« Nous ne figurons nulle part, ni officiellement, ni officieusement. Nous sommes à la fois quelqu’un et personne. Nous existons tout en n’existant pas. Nous agissons tout en n’agissant pas, ou plus exactement, nous n’exécutons pas les actions que nous entreprenons, ou ce que nous faisons, personne ne le fait. Nous nous trouvons là, un point c’est tout ».

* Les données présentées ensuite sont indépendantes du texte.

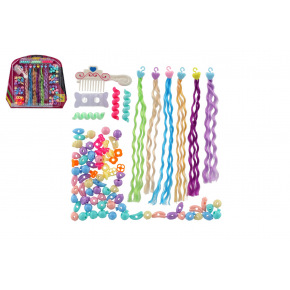 Sada korálků a copánků na vlasy plast mix druhů na kartě 30x26x3cm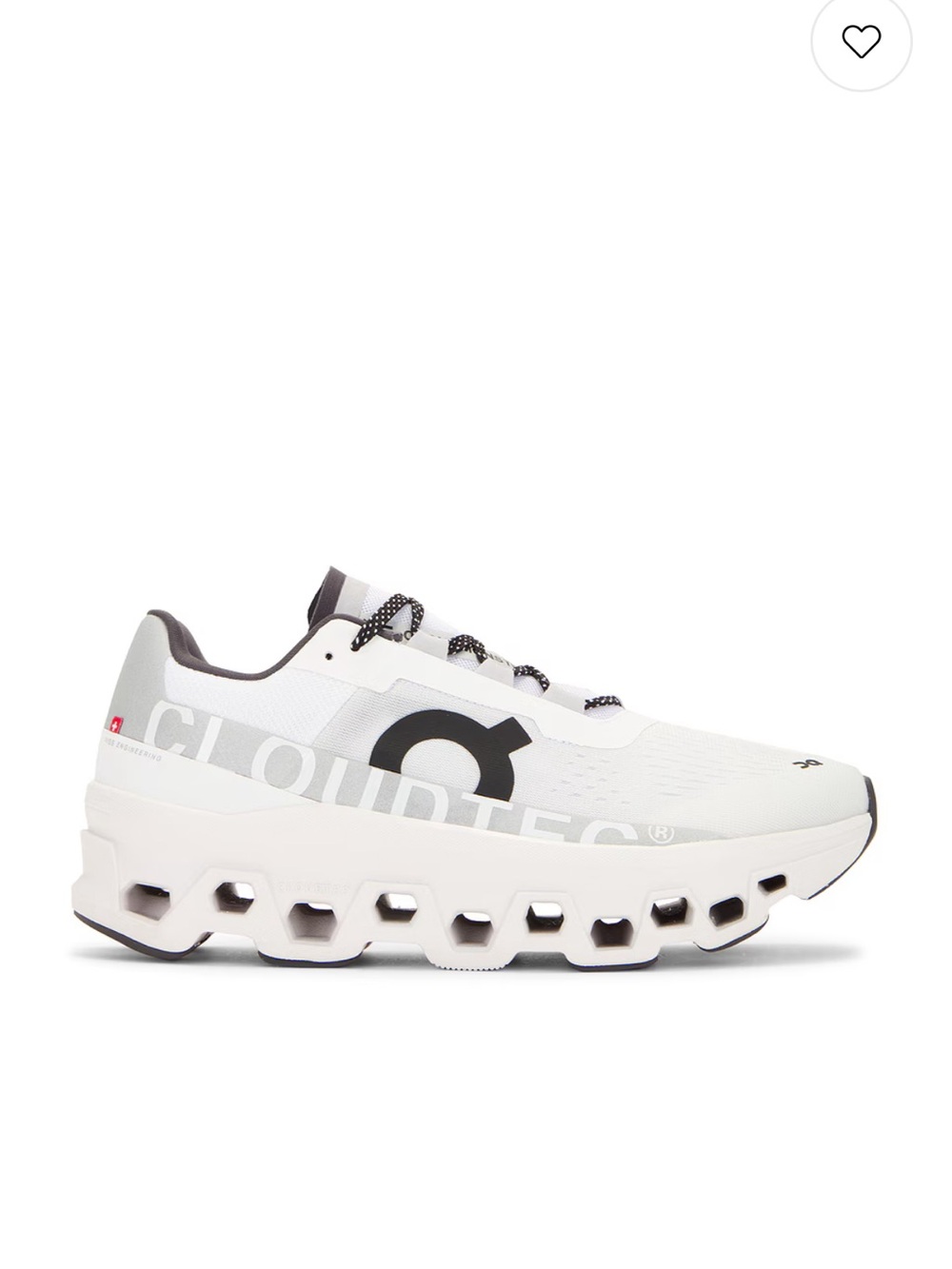 On Cloudmonster in White Grey Colorway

Depuis le lycée, la jeune madrilène Berta Isla sait qu’elle fera sa vie avec Thomàs Nevinson, un garçon assez charismatique, à la double nationalité, anglaise et espagnole, un polyglotte qui n’a pas son pareil pour imiter les accents et les voix. Durant leurs études, ils se verront par intermittence, le jeune homme étant parti à l’université d’Oxford, mais là, un évènement effarant viendra couper court à ses projets d’avenir. En effet, alors qu’il quitte la chambre de sa maîtresse occasionnelle, celle-ci est assassinée : il est le coupable idéal. La seule échappatoire pour Tom est d’accepter d’intégrer les services secrets, ceux-ci l’ont repéré depuis quelques temps et souhaitent le recruter au vu de son exceptionnel don des langues ; ils lui offrent en contrepartie d’effacer toute l’affaire. A contrecœur, Thomas accepte… Officiellement employé à l’ambassade du Royaume Uni à Madrid, il épouse Berta et entame une double vie. Bien-sûr, la jeune femme apprendra après plusieurs mois la vraie nature de son travail, sans pour autant rien savoir : ni où son mari se rend lors de ses absences de plus en plus longues, ni de quelles affaires il s’agit : elle doit vivre dans l’attente, l’inquiétude et le ressentiment. En effet, pour une Madrilène qui a connu les heures sombres de la dictature, pas facile d’accepter que son mari soit un infiltré, un traître ; de longues discussions opposeront les époux, lui, dévoué à la cause, convaincu du bien-fondé de ses missions, de servir les intérêts de la couronne, elle au contraire, persuadée de l’inverse, faisant appel à la littérature (Shakespeare) pour argumenter… Et puis un jour, plus de nouvelles, Thomas disparaît des radars, impossible de savoir s’il est mort, prisonnier ; après quelques années, sans jamais avoir eu la moindre information, Berta est considérée comme veuve…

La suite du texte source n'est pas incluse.